O que está em curso: a campanha para “retificar emoções negativas”
Segundo anúncios oficiais, a Administração do Ciberespaço da China (Cyberspace Administration of China, CAC) lançou uma campanha de dois meses para inibir postagens que expressem sentimentos negativos ou pessimistas e “criar um ambiente online mais civilizado e racional”.
O foco recai sobre narrativas como “estudar é inútil”, “trabalho duro não vale a pena” ou expressões que promovam o niilismo, o desalento ou a apatia social.
Em paralelo, relatos apontam que influenciadores que criticaram abertamente pressões econômicas ou culturais vêm sendo bloqueados, perdendo contas ou tendo conteúdos apagados sem notificação clara.
Por que isso está acontecendo agora?
A China atravessa um momento de tensão social e econômica, marcado por desaceleração do setor imobiliário, alto desemprego jovem e estagnação de crescimento.
Esses fatores geraram um ambiente de pessimismo crescente, especialmente entre os jovens, que vêm questionando as promessas do “sonho chinês”.

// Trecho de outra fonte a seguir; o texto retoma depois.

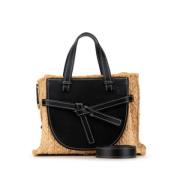 Loewe Pre-owned Pre-owned Raffia handvskor Beige, Dam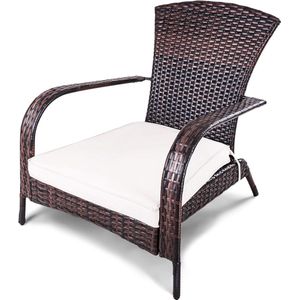 Hoogwaardige rotan stoel, rotan stoel van ijzer, met ergonomische zitkussens en armleuningen, rieten stoel voor tuinen, balkons, binnenruimtes, fauteuils tot 120 kg belastbaar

Para o regime, discursos de frustração representam risco — não só à estabilidade social, mas também ao controle narrativo do Partido Comunista. Ao refrear manifestações de queixas ou descontentamento, o Estado tenta frear ondas de crítica coletiva e preservar sua imagem de competência e ordem.
Impactos reais: influenciadores e discurso silenciado
- Influenciadores relatam que suas contas são suspensas ou eliminadas sem aviso lógico.
- Comentários considerados “negativos” são removidos ou censurados preventivamente.
- Plataformas sociais internas (Weibo, Douyin, WeChat) intensificam moderação e filtragem automática.
- A autocrítica e as reflexões pessoais sobre frustração se tornam terreno perigoso, empurrando conteúdos mais neutros ou “positivo-forçados”.
O risco de uma internet emocionalmente vigiada
A iniciativa chinesa ultrapassa o simples controle de discurso: ela mira no controle das emoções. Ao criminalizar o desalento ou o pessimismo, o Estado lança um alerta a todos que refletem, questionam ou demonstram vulnerabilidade.
Esse movimento abre caminhos perigosos:
- a censura invisível de sentimentos torna difícil distinguir crítica legítima de “emoção proibida”
- a auto-censura se intensifica: usuários deixam de comentar algo que sentem para evitar represálias
- debates sociais autênticos ficam empobrecidos, pois somente vozes conformistas permanecem
- regimes autoritários ganham ao transformar subjetividade em objeto de controle estatal
Em suma: na China, o controle de discurso avança para o controle emocional — e quem ousa demonstrar cansaço, dúvida ou frustração pode desaparecer da rede.